A los redactores y editores de estos medios les parece normal que en las naciones abiertamente capitalistas, siete de cada diez emprendimientos fracasen antes de cumplir cinco años (alrededor de cinco en el primer año). También les resulta un signo de salud económica que las megacorporaciones engullan a las compañías pequeñas, algunas con muchos años de trabajo y establezcan modelos de negocio depredadores (el caso del sector farmacéutico es un ejemplo global).

 

Las notas que publican estos medios sobre el eventual apocalipsis empresarial de Venezuela se enfocan en el desempleo que ocasionarán los cierres. En cambio, los trabajos periodísticos que difunden esos mismos medios sobre colapsos de gigantescas compañías en Estados Unidos, casi no hablan del factor humano.
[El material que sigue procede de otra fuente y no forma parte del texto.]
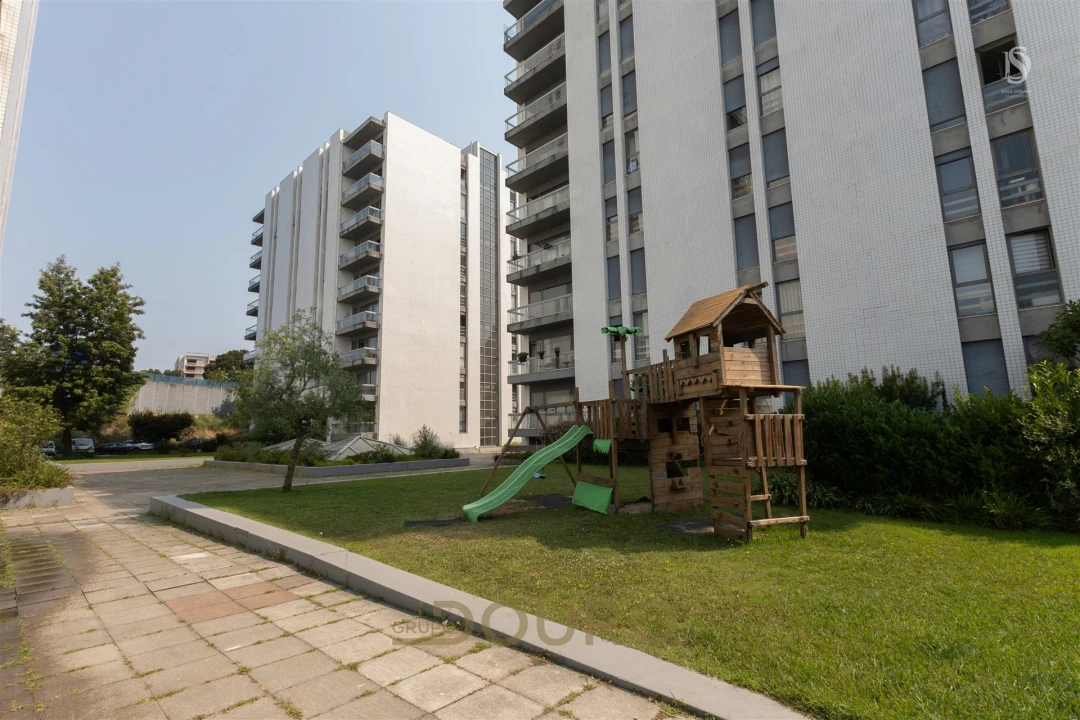Apartamento T2 para Venda em Moreira Foto 24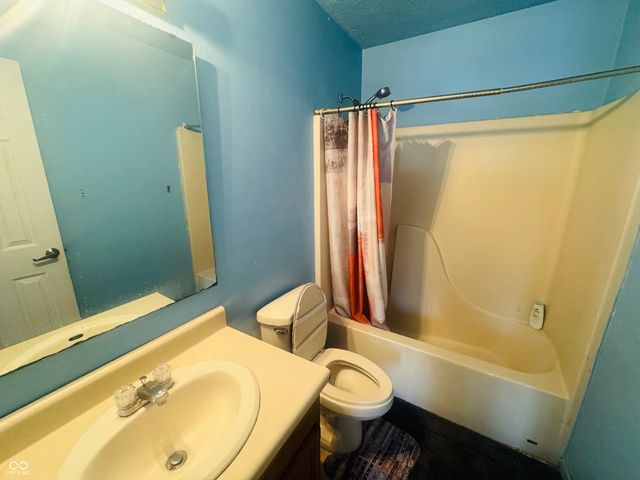 2619 Cooper Pointe Circle, Indianapolis, IN 46268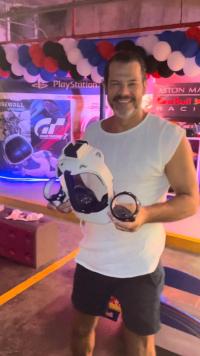 ALQUILER DE EQUIPOS PARA EVENTOS METAVERSUS LA REALIDAD VIRTUAL HOLOGRAMAS PLATAFORMA 360 OCULUS 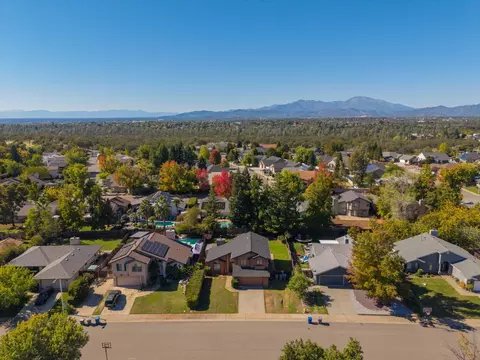 View/Area - 550 Armando Ave, Redding, CA 96003 photo 3 of 9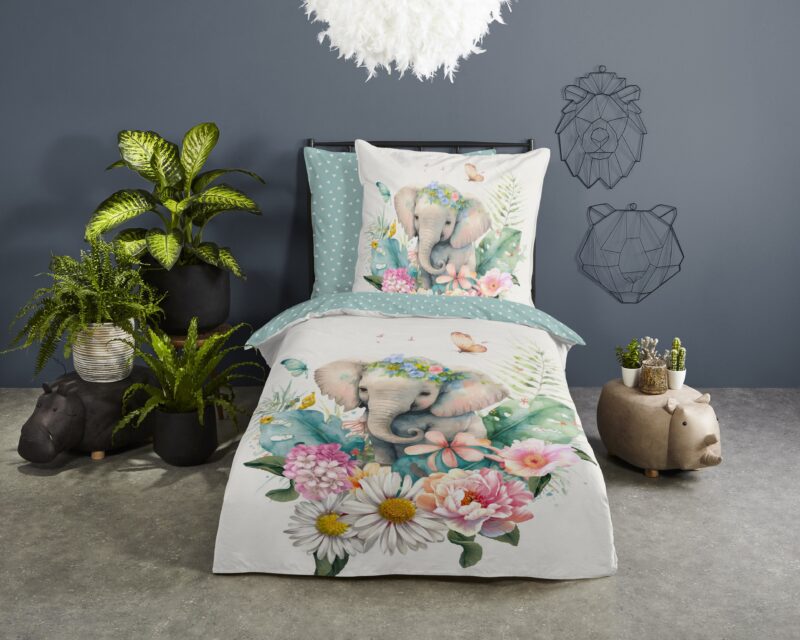 Bloemen met een olifant overtrek van Good Morning, 135 x 200 cm, kussensloop 80 x 80 cm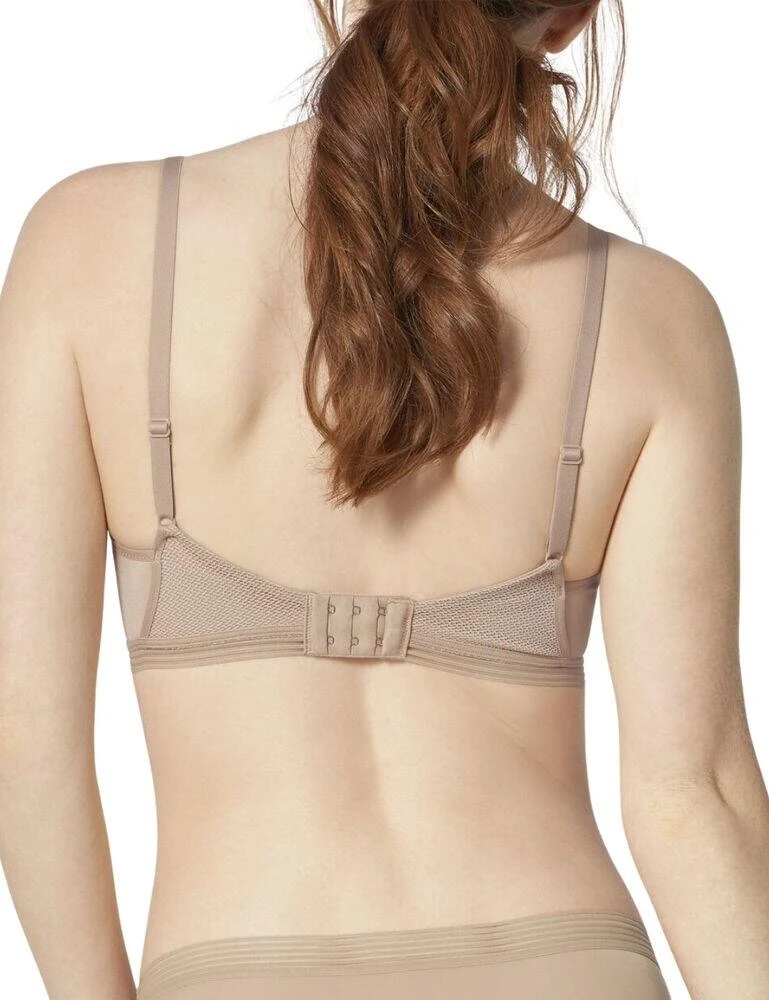10201670 Triumph Infinite Sensation Wireless Bra - 10201670 Smooth Skin
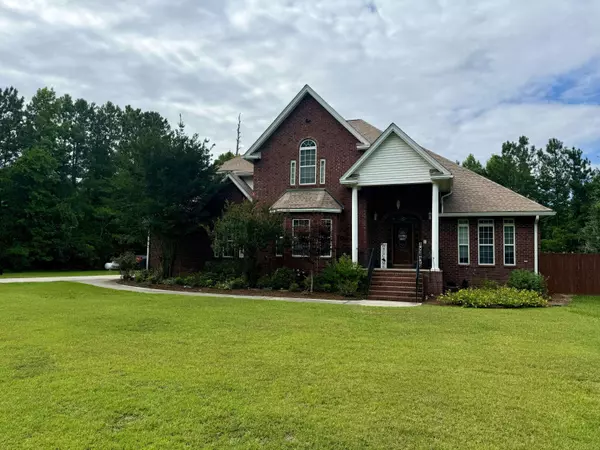 121 Wintergreen Rd, Walterboro, SC 29488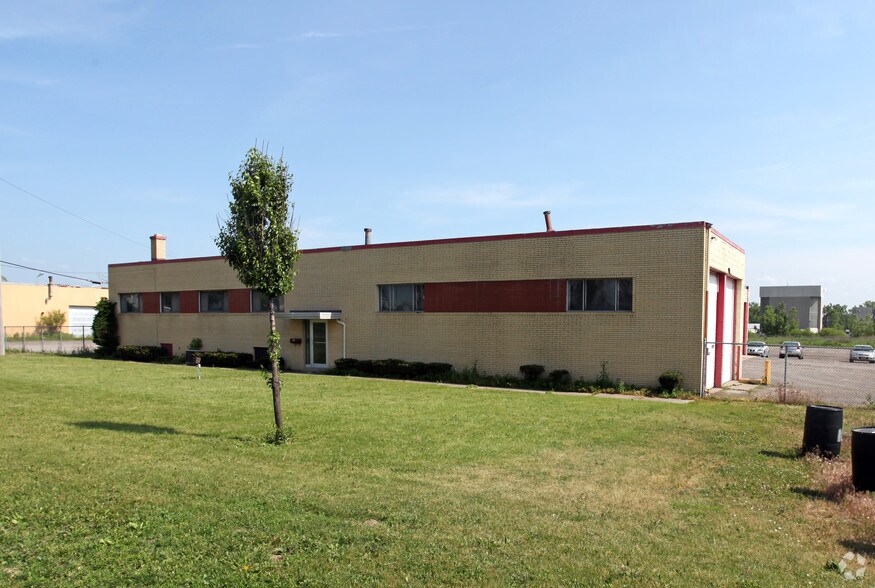 Primary Photo Of 3365 Broadway St, Cheektowaga Truck Terminal For Sale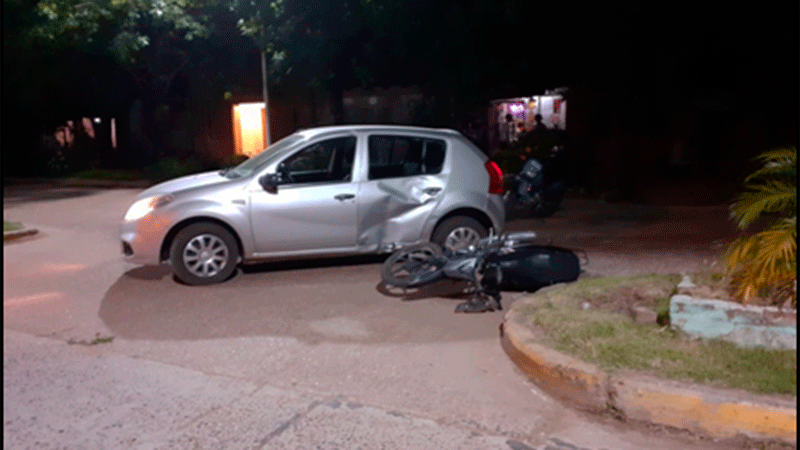 Dos niños y una mujer lesionados tras fuerte choque entre un auto y una ...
Tampoco escarban mucho en los casos en los que dos grandes se fusionan y prescinden de la mitad de sus respectivas nóminas. “Eficiencia gerencial”, le dicen.

 

Por ejemplo, en el transcurso del último año, se han ido a la bancarrota o han quedado reducidas a operaciones mínimas empresas tan icónicas del american way of life como Sears, Macys y J.C. Penney. Incluso acaba de cerrar la firma de armamento Remington, que tenía más de 200 años. En las informaciones publicadas al respecto se habla de las pérdidas recurrentes de los accionistas y de la grave crisis que están sufriendo los malls o súpercentros  comerciales debido a la competencia de las ventas vía internet, pero apenas si se mencionan los daños causados al empleo. Solo en uno de los casos, el de Macys, se indica que la quiebra implica el despido de diez mil personas.

 

Claro, lo dicen sin que nadie haga una alharaca porque no hay manera de echarle la culpa al socialismo.